Re: Minimal logical decoding on standbys - Mailing list pgsql-hackers

From Andres Freund
Subject Re: Minimal logical decoding on standbys
Date
Msg-id 20230407075009.igg7be27ha2htkbt@awork3.anarazel.de
Whole thread Raw
In response to Re: Minimal logical decoding on standbys  ("Drouvot, Bertrand" <bertranddrouvot.pg@gmail.com>)
Responses Re: Minimal logical decoding on standbys  ("Drouvot, Bertrand" <bertranddrouvot.pg@gmail.com>)
List pgsql-hackers
Hi,

On 2023-04-07 08:09:50 +0200, Drouvot, Bertrand wrote:
> Hi,
>
> On 4/7/23 7:56 AM, Andres Freund wrote:
> > Hi,
> >
> > On 2023-04-07 07:02:04 +0200, Drouvot, Bertrand wrote:
> > > Done in V63 attached and did change the associated comment a bit.
> >
> > Can you send your changes incrementally, relative to V62? I'm polishing them
> > right now, and that'd make it a lot easier to apply your changes ontop.
> >
>
> Sure, please find them enclosed.

Thanks.


Here's my current working state - I'll go to bed soon.

Changes:

- shared catalog relations weren't handled correctly, because the dboid is
  InvalidOid for them. I wrote a test for that as well.

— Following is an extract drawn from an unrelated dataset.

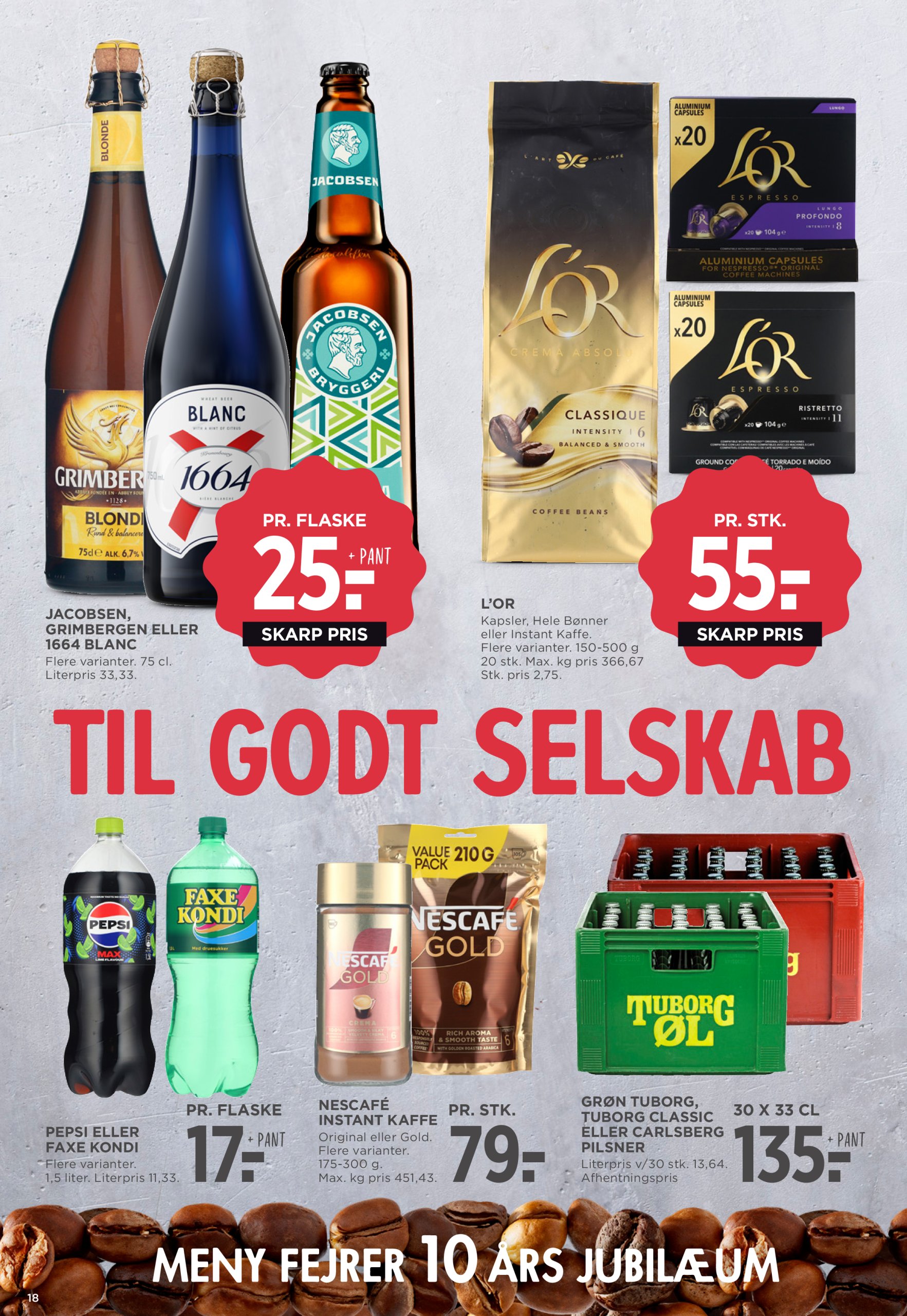 meny - Meny tilbudsavis gyldig fra 20.06. til 26.06. - page: 31 meny - Meny tilbudsavis gyldig fra 20.06. til 26.06. - page: 31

- ReplicationSlotsComputeRequiredXmin() took invalidated logical slots into
  account (ReplicationSlotsComputeLogicalRestartLSN() too, but it never looks
  at logical slots)

- I don't think the subset of slot xids that were checked when invalidating
  was right. We need to check effective_xmin and effective_catalog_xmin - the
  latter was using catalog_xmin.

- similarly, it wasn't right that specifically those two fields were
  overwritten when invalidated - as that was done, I suspect the changes might
  get lost on a restart...

- As mentioned previously, I did not like all the functions in slot.h, nor
  their naming. Not yet quite finished with that, but a good bit further

- There were a lot of unrelated changes, e.g. removing comments like
 * NB - this runs as part of checkpoint, so avoid raising errors if possible.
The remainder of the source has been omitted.